I always thought I was a very open person.  I mean, in many ways I am an open person.  I will socialize with complete strangers and will pretty much talk to my friends about any topic under the sun.  I don't shy away from personal conversations and have no problems airing out my flawed life for all of you to read.  But despite all that, there is a place in my heart that is immensely private.  It's where I go frequently to "be alone."  As honest and open as I am with others, this is a part of me that will never come out.  In it I hold things that are most dear to me...people, thoughts and feelings whose depth would be cheapened anywhere else but deep in my heart.

I think.  I think a LOT.  I can be in the middle of a loud gathering enjoying myself and yet will eventually find myself retreating to my depths, whether to think or simply enjoy the view from inside.  It is sacred space.

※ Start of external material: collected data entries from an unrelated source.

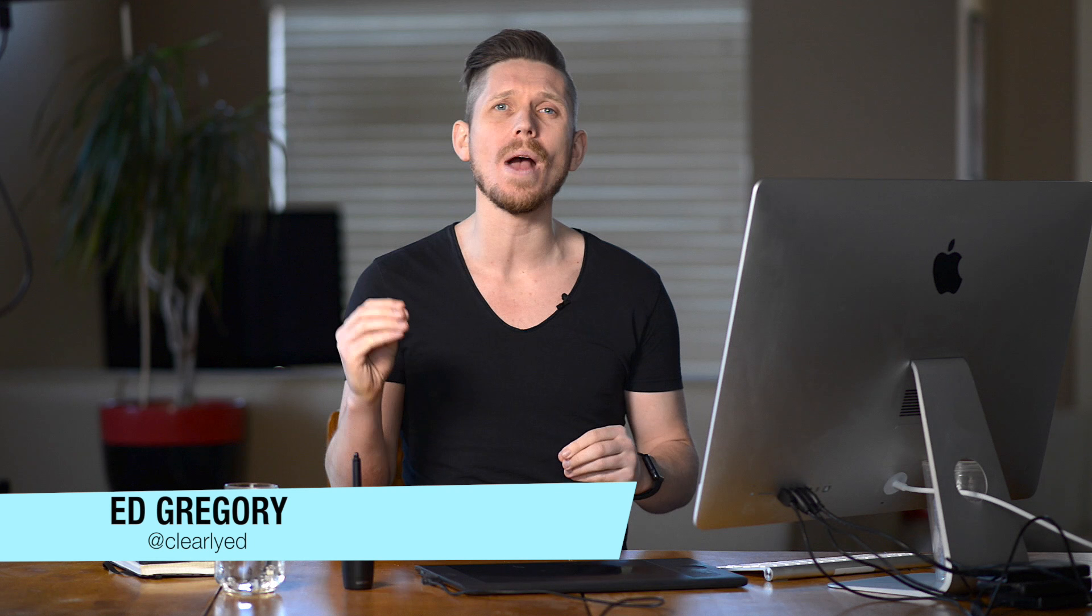Hi, this is Ed Gregory for PhotosInColor.com and today I'm going to show you the best way of adding film grain to your photos in Lightroom.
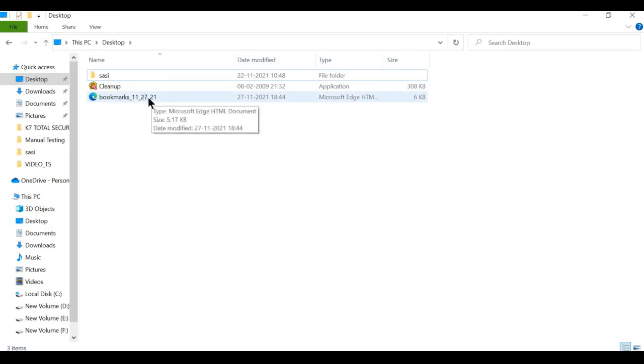Here you can see the bookmarks file. In this way we export the bookmarks from Chrome.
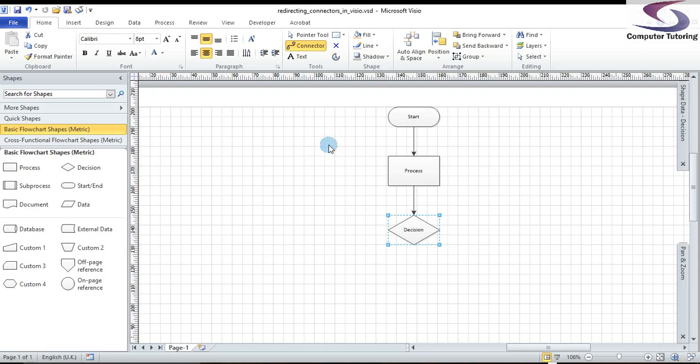Hi, welcome to another Visio training session. This time we're going to look at redirecting connectors in Visio. Now what do I mean by that? Well, have a look here.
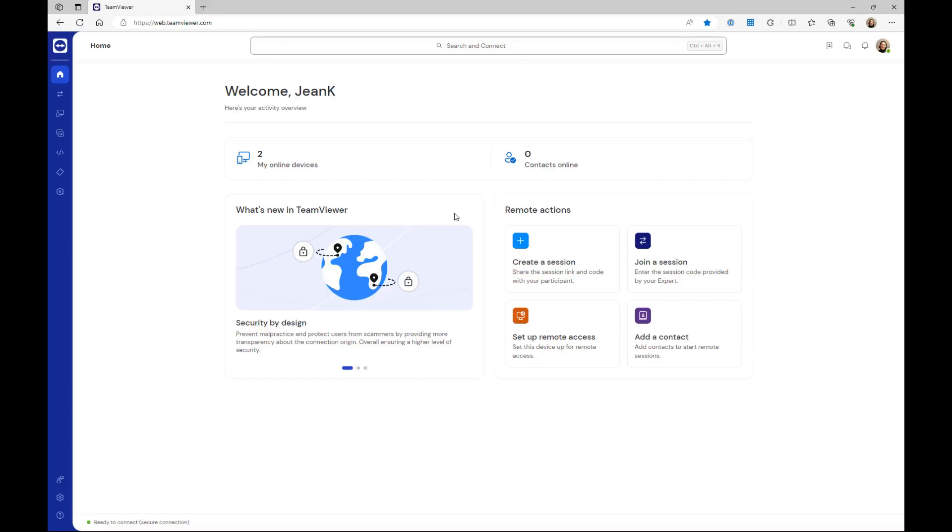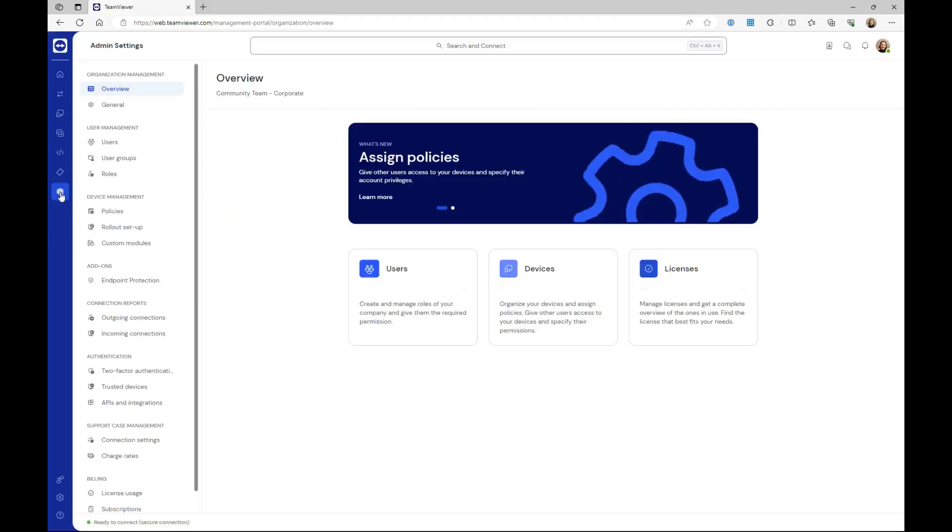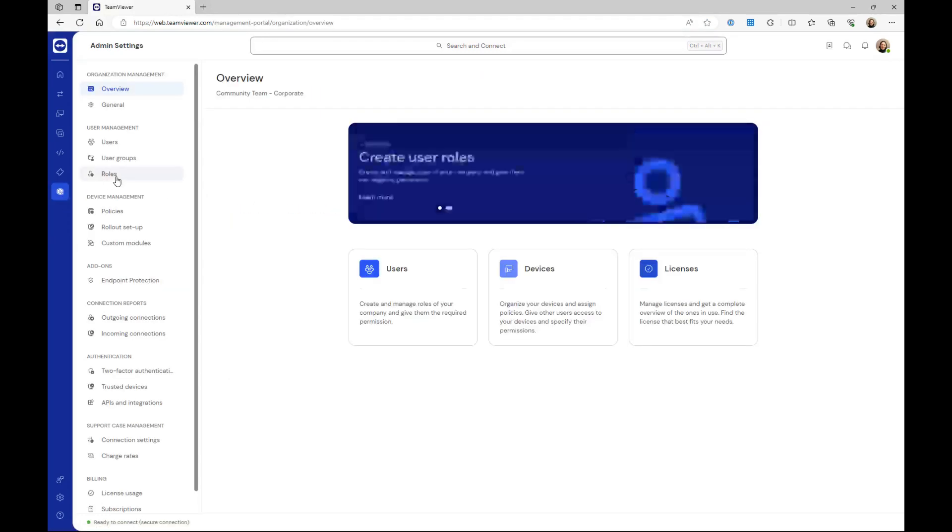Before creating a user group, make sure you created a corresponding role, which can then be assigned to the user group. To do so, go to the admin settings and click roles.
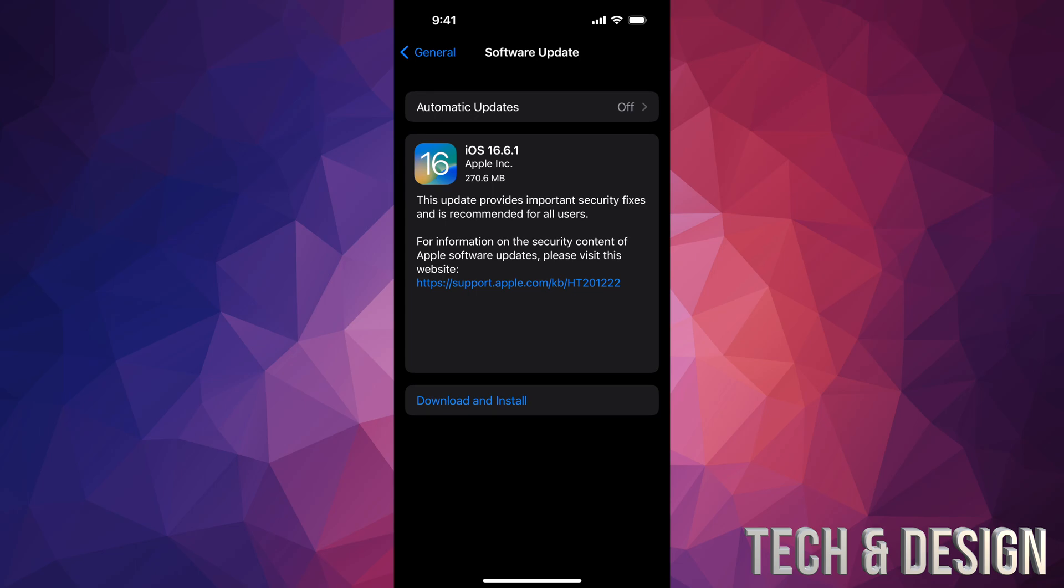Some of you might only see Install because in your settings you might have it set so it downloads but doesn't install updates, which is something I recommend doing. Just have it download but not install updates automatically, because you want to make sure the update's fine before you do anything. So right now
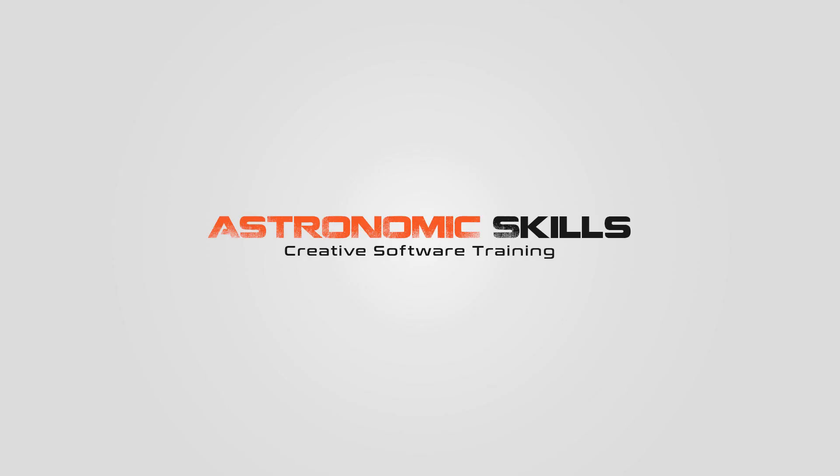I put a link in the description to download project files. You can also download project files from this tutorial and all the tutorials I've made so far at AstronomicSkills.com. Also, I created a Udemy course for beginner 3D modeling in Cinema 4D. I would value your opinion, and if you could take a look at it and review it, I would really appreciate it. Thank you. Bye.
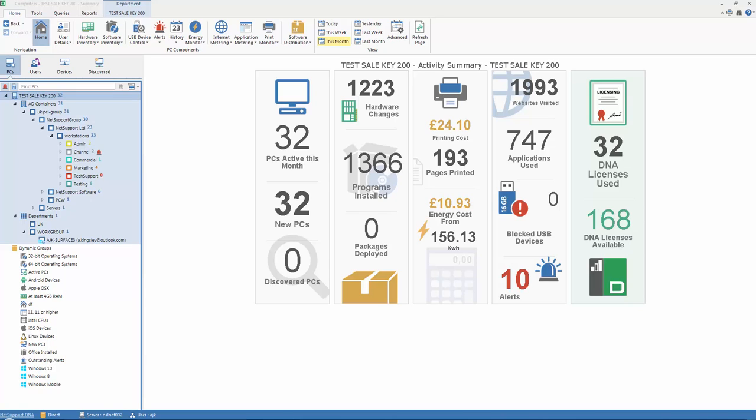One of the most powerful features within NetSupport DNA is the alerting component, providing real-time feedback on any number of conditions for behavior across the network. Let's take a look.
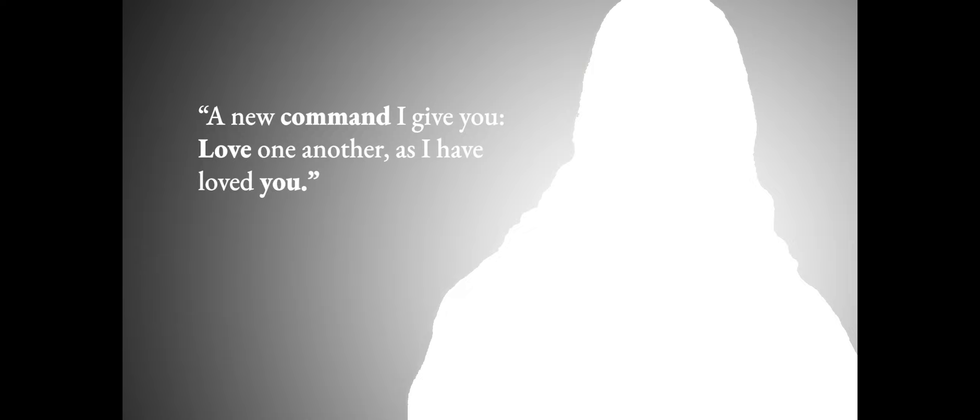A new command I give you, love one another, as I have loved you. If any of you wants to be my follower, you must turn from your selfish ways, take up your cross, and follow me.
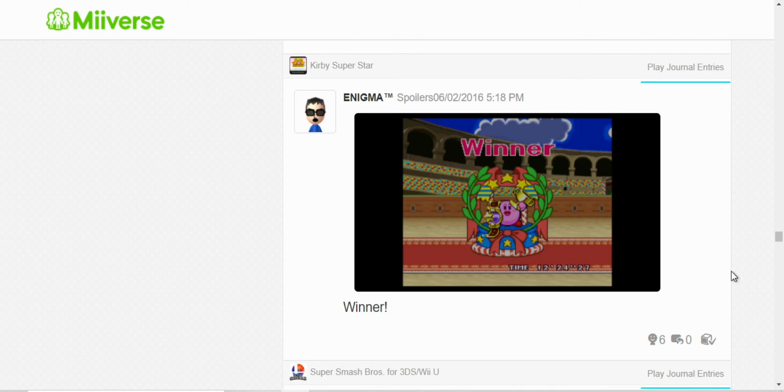This isn't, I forgot what that mode was called. It's when you fight all the bosses. But, yeah, I ended up winning, so I posted that.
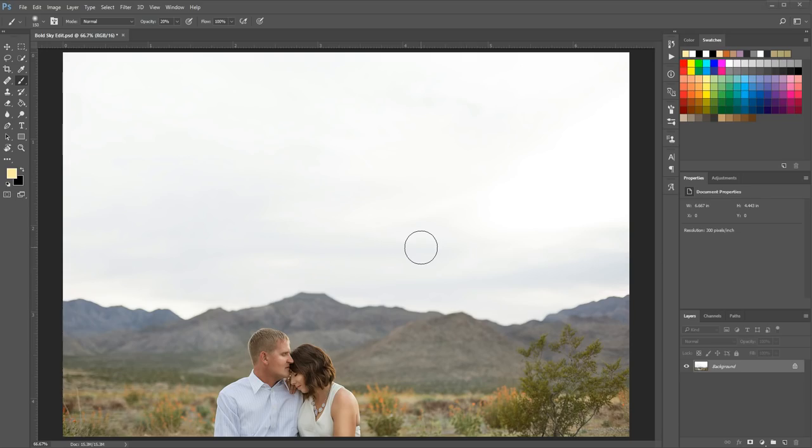Hi there, this is Morgan with Morgan Burks Photography and Product Shop. Today I'm going to show you how to add a bold sky overlay to a photo and then edit the colors of the photo to make it match the sky.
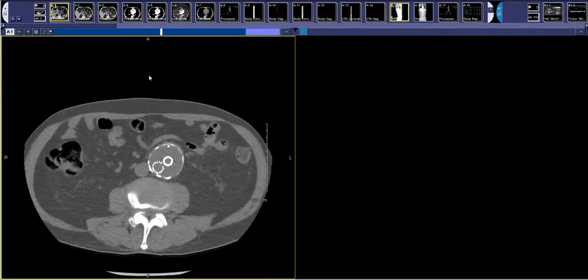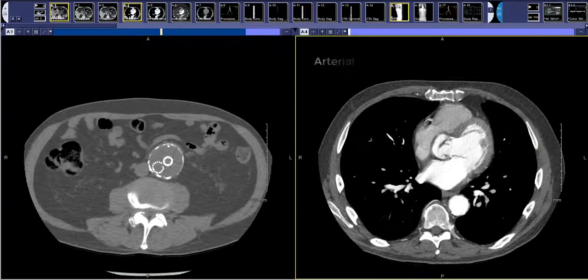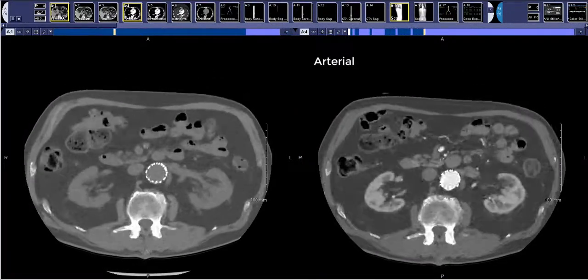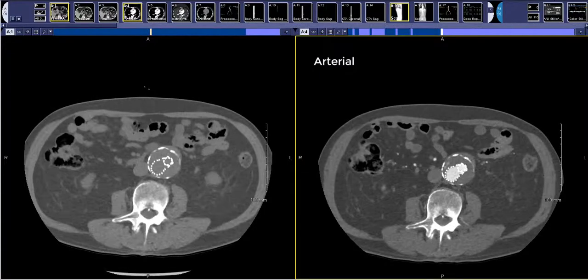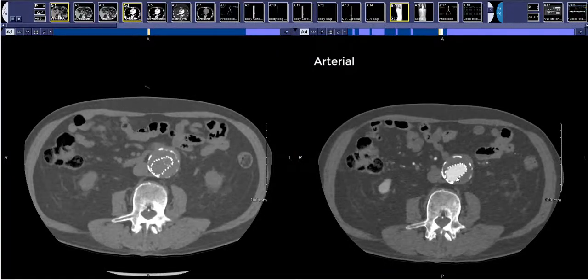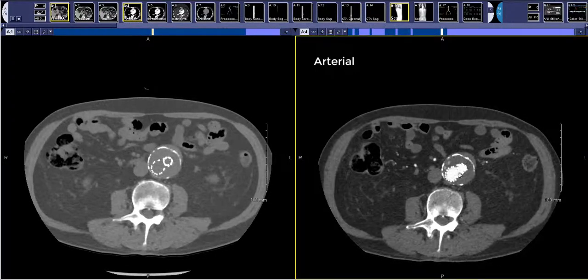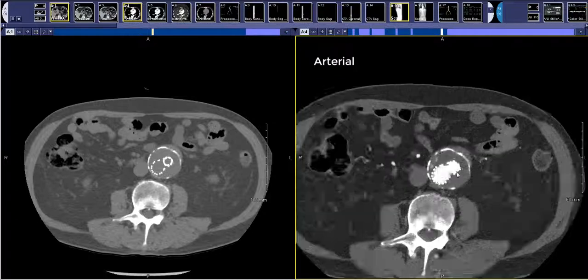The next sequence obtained is an arterial phase study. That's important to look through because it gives you an idea of where contrast is going. The purpose of an endograft is to cause all the blood to go through the endograft outside of the aneurysm sac and allow the aneurysm sac to be depressurized. You can see here that there is unfortunately a blush of high attenuation contrast within the excluded part of the aneurysm.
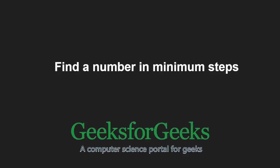Hello friends and welcome to another tutorial on GeeksforGeeks! In this video, we are going to understand the program which finds a number in minimum steps.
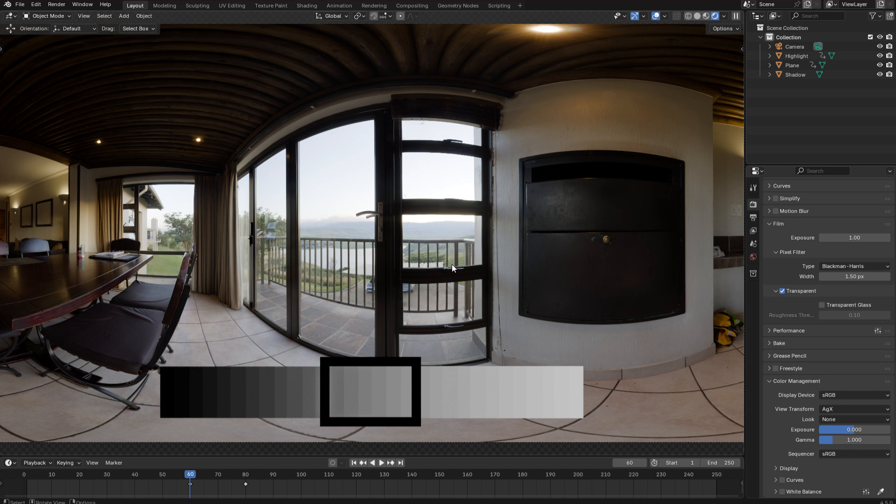And if you export your renders in a low dynamic range format such as PNG or JPEG or even a 16-bit TIFF, then this tone mapping is going to be baked into your renders.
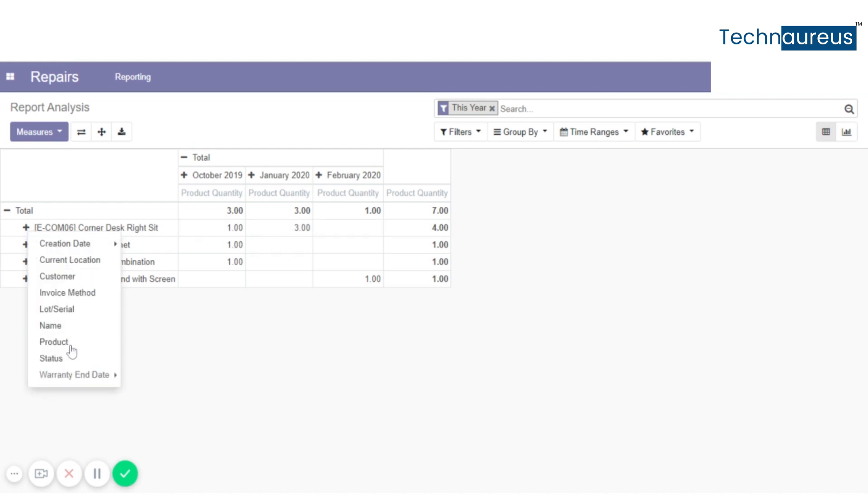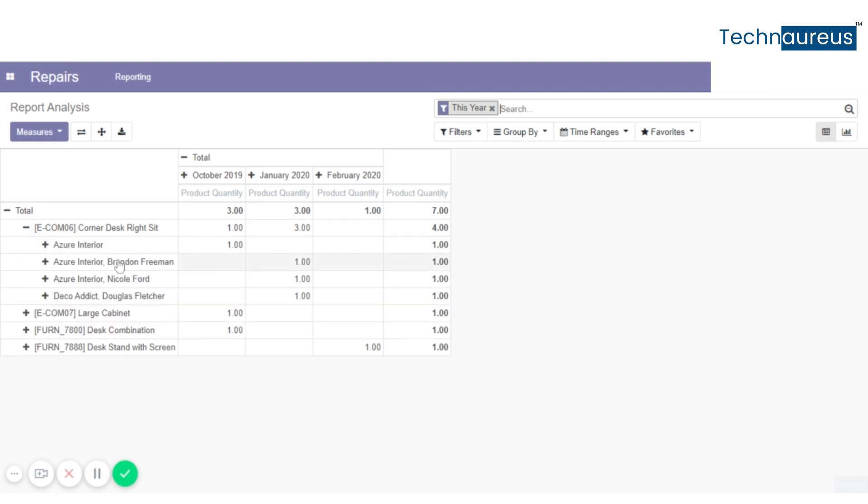You can see the product list, customer details, product quantity in each of the month.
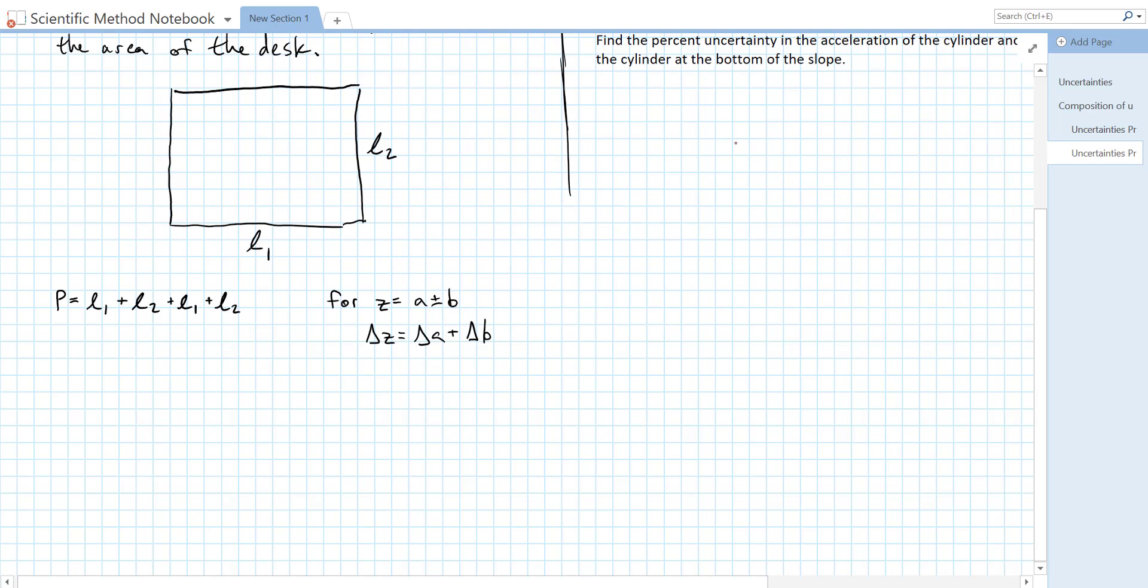So we can write an equation for the uncertainty in our perimeter. The uncertainty in our perimeter p, delta p, is just going to be the uncertainty in L1 plus the uncertainty in L2 plus the uncertainty in L1 again, plus the uncertainty in L2 again.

I have a couple of very dear friends from college that I have spoken to recently.  We kind of have this open door, revolving connection that I know will always be there.  Recently one of them came to visit me and we went out for lunch and I remember practically breaking out in a sweat at the thought of going out alone with her.  I realize how ridiculous this sounds, but hear me out.  I love people. I love big groups, and talking and laughing.  But being one-on-one with someone who occupies a place in my heart is terrifying.  I cannot hide behind my social self, because she knows me deeper.  Yet at the same time I could not just sit there staring at her, which is what I really wanted to do.  Not because I am a creeper, but because there are some situations where I do not want to speak- I just want to watch from my private little place and enjoy the sanctity of it.  It is not me withdrawing- it is me connecting in the deepest way I am able to.

Being the friend that she is, she allowed me to be weird.  She did not expect me to act normal.  These friends of mine tell me that they love me and I know they mean it because I know they are saying it under oath- they now the truth of who I am.  They know the me beyond me.

I will let anyone into my life- I truly love people.  But I can count the number of people on one hand who I have walked into my heart.  I love these people with a ferocity that goes beyond words...because there are no words that would ever capture it.  And maybe it makes me awkward at times.  Maybe I stare silently to the point of appearing completely absent, when in reality, I have never been more present.

I am not even sure why I am writing this.  I can't really find a way to turn this into something that could even remotely relate to you.  But I feel like it deserves to be written.  Even if only to give me one more way to properly respect it.  Sometimes we need to testify to the things that make us who we are- the things that really make us.  The things that set us apart and shape our thoughts and our lives.  I used to try and make something out of my inner sanctuary- try to express it and explore it and make sense of it. But time has brought wisdom and I no longer do those things.  Instead, I accept and appreciate what I have been given.  I do not see it as a fault or as something to be evaluated as to it's purpose.  I have it.  It is a part of who I am.

It is me.

So I embrace it.  I live it.  I understand and respect that it is a part of me and I use it to it's full advantage, storing up thoughts and feelings that deserve to be preserved in their original integrity.  I watch people and situations, watching and observing with intensity because that is what I am inclined to do and I don't want to change that simply to try and fit into a prettier version of what others think I should be like.

So be you.  Find your quirks and your strengths and your depths and do not be afraid of them.  Stand back and respect them, because they were given uniquely to you in order to help you be who God created you to be.


“Your sacred space is where you can find yourself over and over again.”  -Joseph Campbell 

1 comment:

  1. "I am what I am, and that's all that I am." - Popeye the Sailor Man.

    A life lesson, learned early on. Who knew Popeye was so spiritual?

    Life is filled with unique possibilities, not perfect copies. Thank you for being you.